(Items listed in a dataset)
------------------------

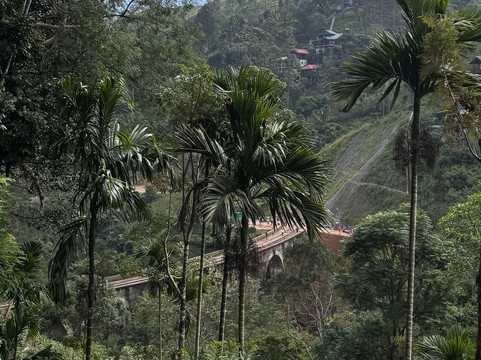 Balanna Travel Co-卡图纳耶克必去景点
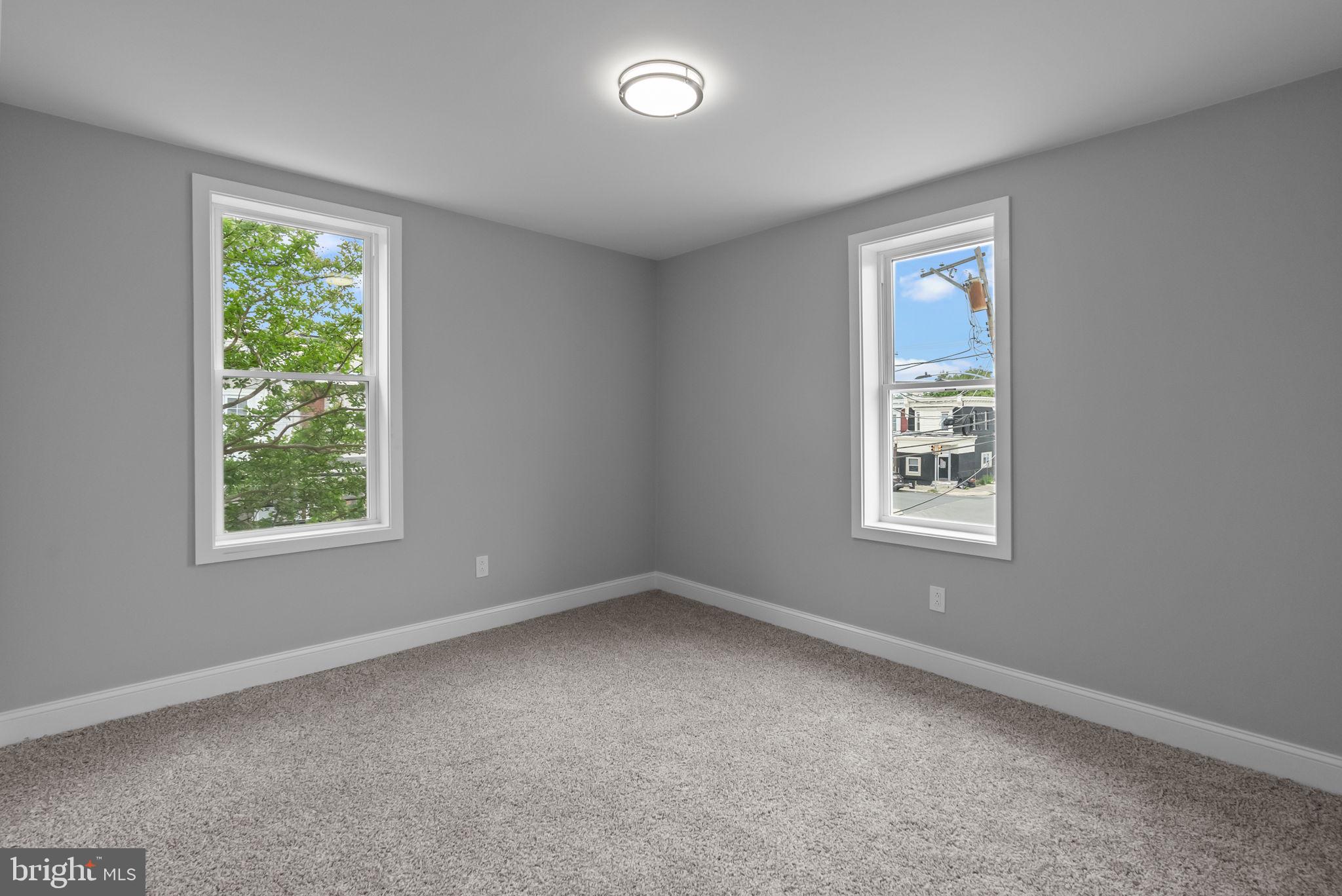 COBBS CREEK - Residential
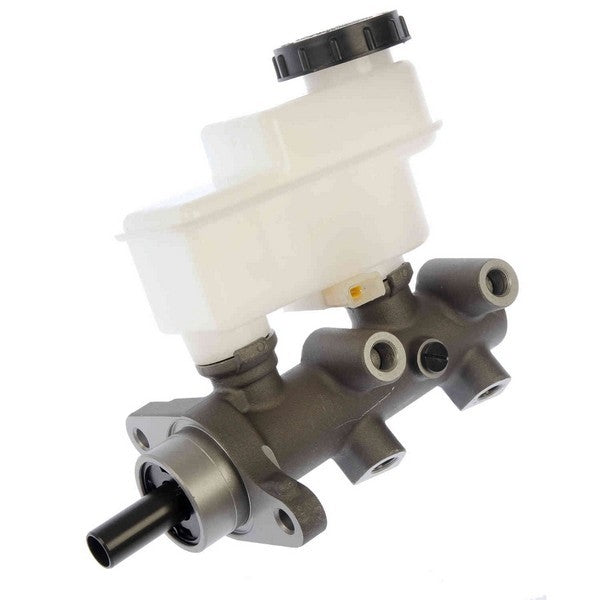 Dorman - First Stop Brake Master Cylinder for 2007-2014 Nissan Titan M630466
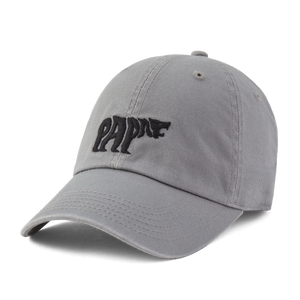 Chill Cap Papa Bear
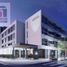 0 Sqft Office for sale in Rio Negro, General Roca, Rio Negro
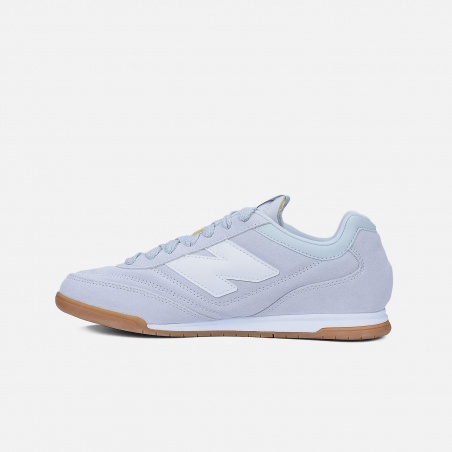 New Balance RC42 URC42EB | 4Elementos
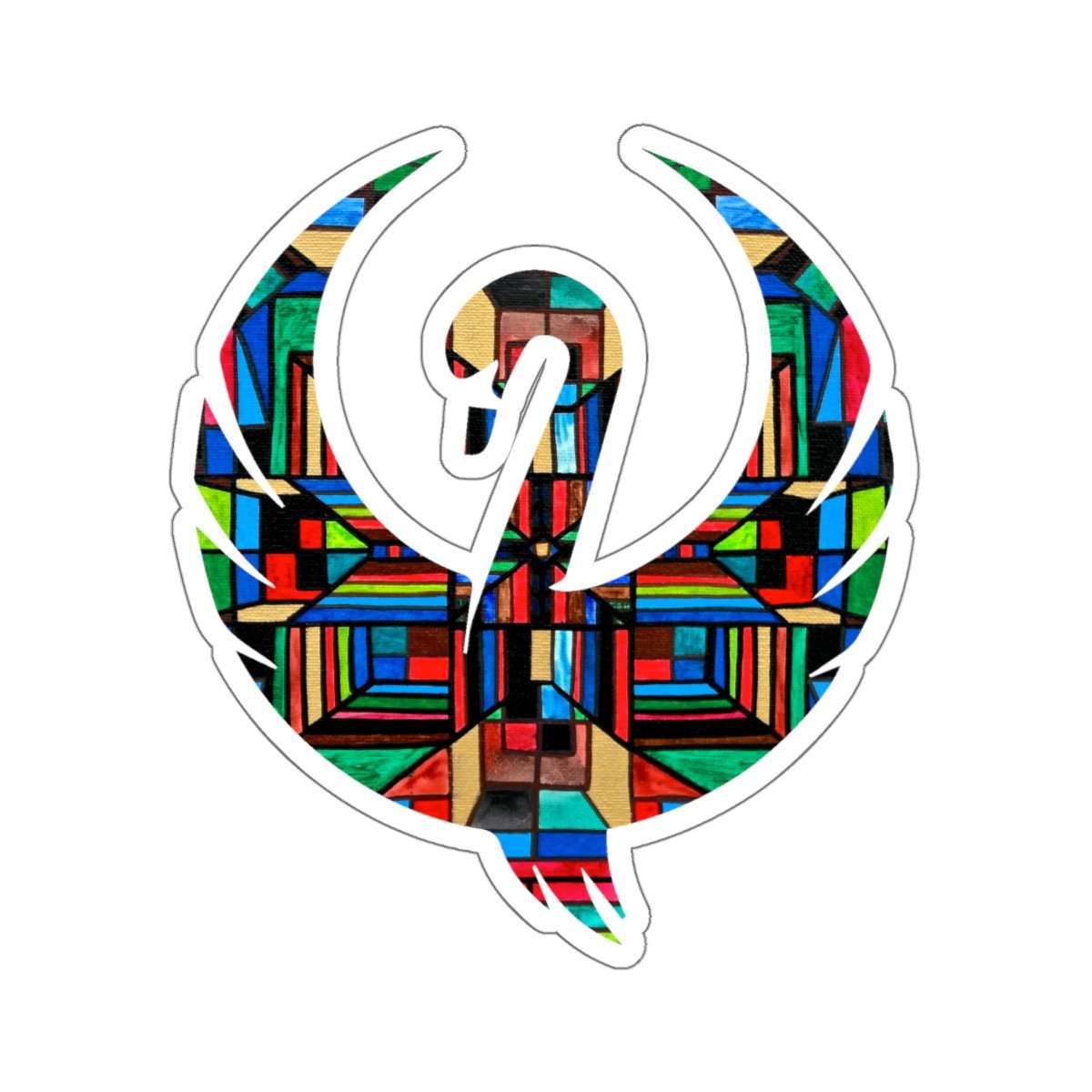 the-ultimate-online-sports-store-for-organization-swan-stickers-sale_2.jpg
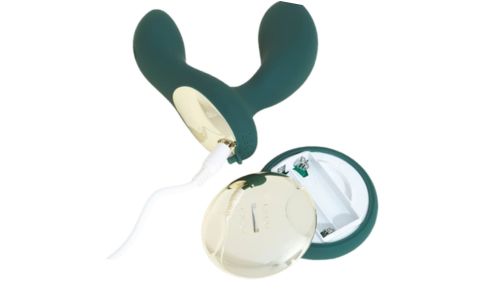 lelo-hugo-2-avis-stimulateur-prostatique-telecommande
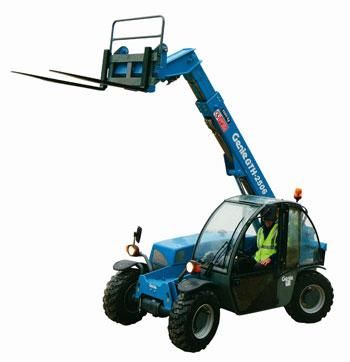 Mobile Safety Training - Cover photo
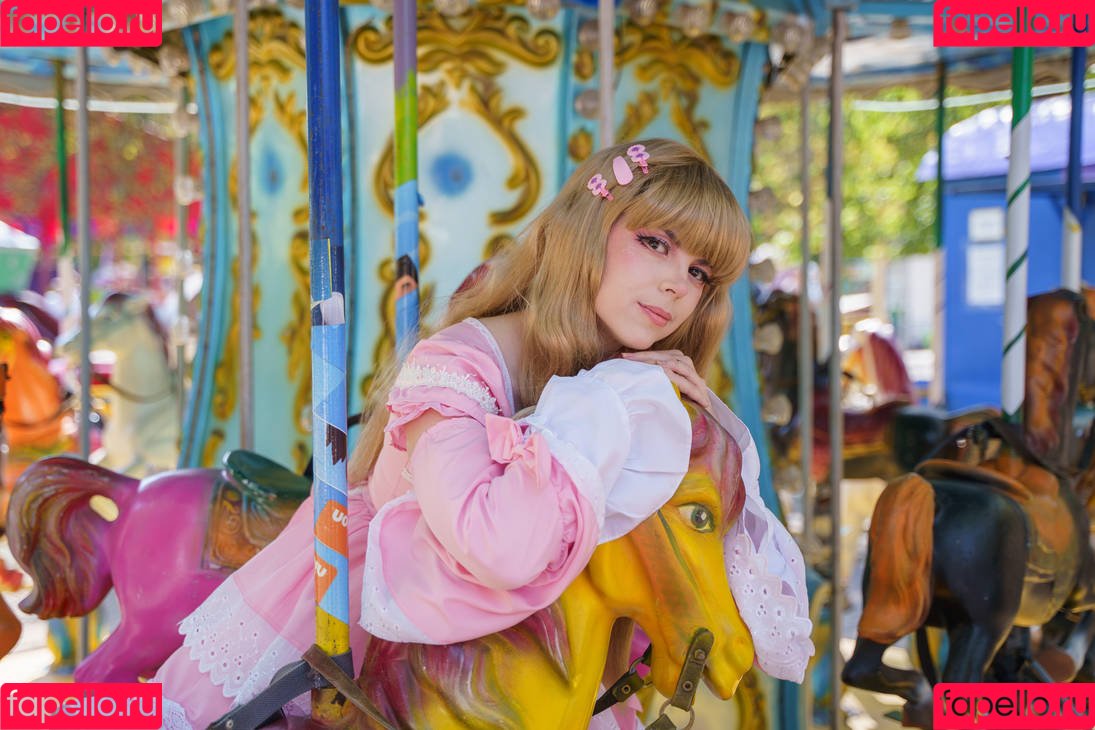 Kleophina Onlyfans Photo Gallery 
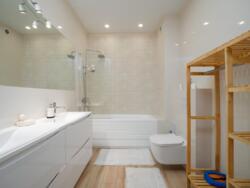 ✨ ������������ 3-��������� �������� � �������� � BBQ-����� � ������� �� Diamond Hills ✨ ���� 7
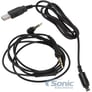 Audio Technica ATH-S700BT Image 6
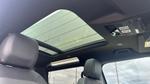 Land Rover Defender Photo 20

------------------------

_Your instructions_.
Print only the lines from the one with "Audio Technica ATH-S700BT Image 6" through the last line of the data above, exactly and with both ends, and please omit any pictures.

_Solution_.
 Audio Technica ATH-S700BT Image 6
 Land Rover Defender Photo 20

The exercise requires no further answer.